Notice how confusing this is!  Also notice that the kernel, udev, and HAL all keep independent views of hardware, and that both udev and HAL send events on new hardware detected (and each can run a script in response to hardware changes).

Static Major Number Assignment

Some major device numbers are statically assigned for the most common devices.  A list of the static device numbers is in Documentation/devices.txt for Linux.  When all numbers are statically assigned, you need these “official” major device number for any device and that can be difficult to learn.  Some devices don’t have an official major number in the kernel you are using.

The first Linux attempt to fix these issues was devfs.  This was a system that watched as the kernel detected devices (a.k.a. a hotplug system).  As each device was detected an entry in /dev was created for it.  With devfs you could simply “ls /dev” to see what hardware was on your system.

The devfs has a few problems.  A newer version of this idea is now used for Linux: udev.  (Solaris uses devfs but it is a better system than the Linux devfs was.)  This too has some problems but is standard on many Linux distros including Fedora.  The udev system learns about hardware by examining /sys (sysfs).  Like the earlier /proc filesystem, /sys exposes kernel data.  Udev examines that, consults its configuration files, and creates entries in /dev and performs other tasks.  Solaris has a similar system in place to manage /dev entries called devfsadm(1M), that gets information from /devices (similar to Linux /sys).  (Solaris calls this devfs but it has nothing to do with the Linux system of that name.)

Explore /sys with tree:  All information is under devices.  To help find some devices a forest of symlinks is also available so you can find devices by bus, type (e.g. block), etc.  See ls -l /sys/devices/pci0000:00/ and note the numbers and virtual devices (same slot but different “function”).  “lspci” is a nicer way to see this information.  (Experts use setpci too.)

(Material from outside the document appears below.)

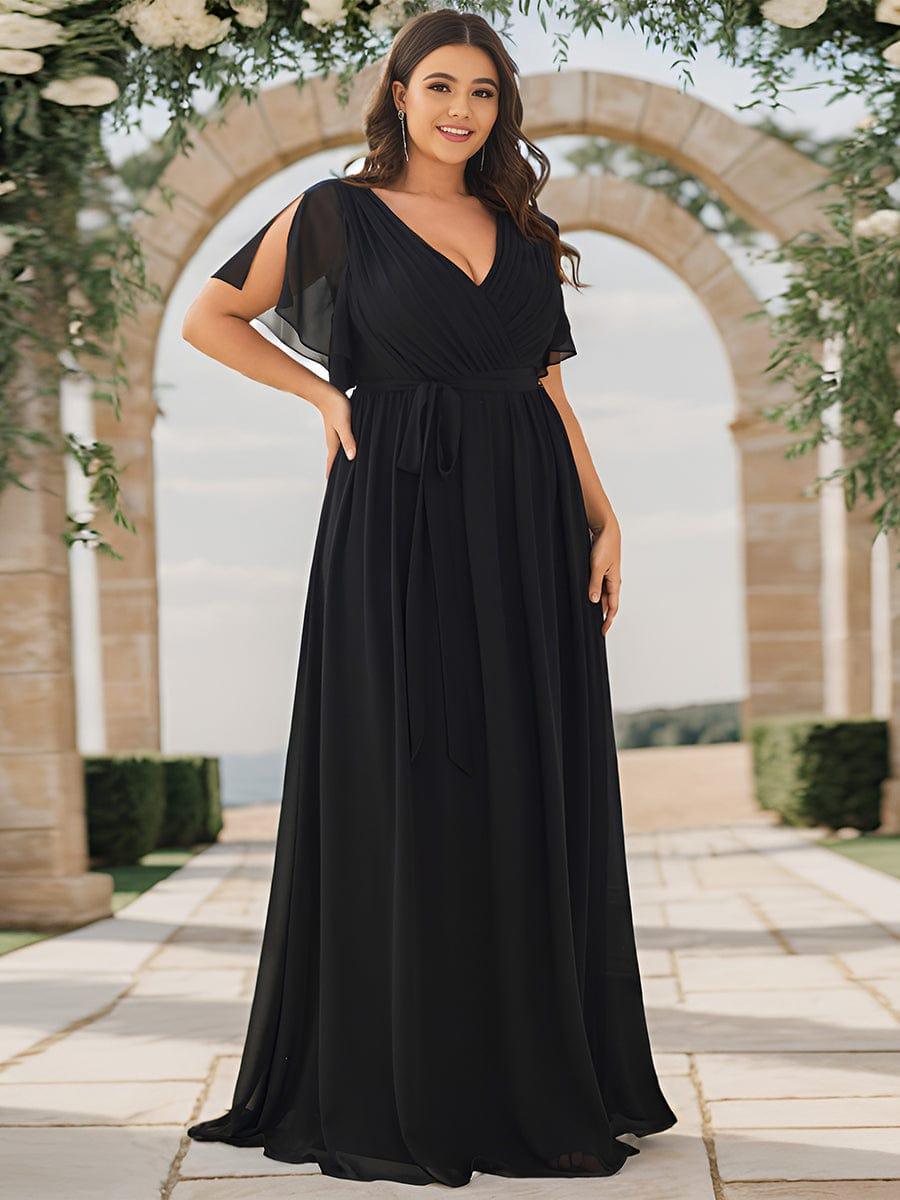 Elegante Vestido De Cuello En V Para Mujer | Maxi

One great advantage to this system is that you can have the udev configuration assign device names based on vendor IDs and model numbers, MAC addresses (for NICs), etc.  So the same device gets the same name, always.  (Else a system with two NICs or several USB devices may have each device assigned a different name in /dev on each boot!)  So you can count on eth0 being the NIC you think it is, and /dev/sdc being the flash device you think it is.

Dynamic Major Number Assignment

In a modern kernel many devices can be assigned a major number dynamically, when the kernel module (the device driver) is determined for some attached hardware (at boot time).  Using dynamic assignment is easier (no need to register the device number with the official kernel source) and encouraged.

The disadvantage of dynamic assignment is that you can’t create the device nodes in /dev in advance, because the major number assigned to some driver won’t always be the same.  However the major number assigned to a device can be read from /proc/devices, and udev uses that information (as well as information from /sys) to create the device node files (/dev entries).  Even when using dynamic assignment, some major (and minor) numbers are assigned statically.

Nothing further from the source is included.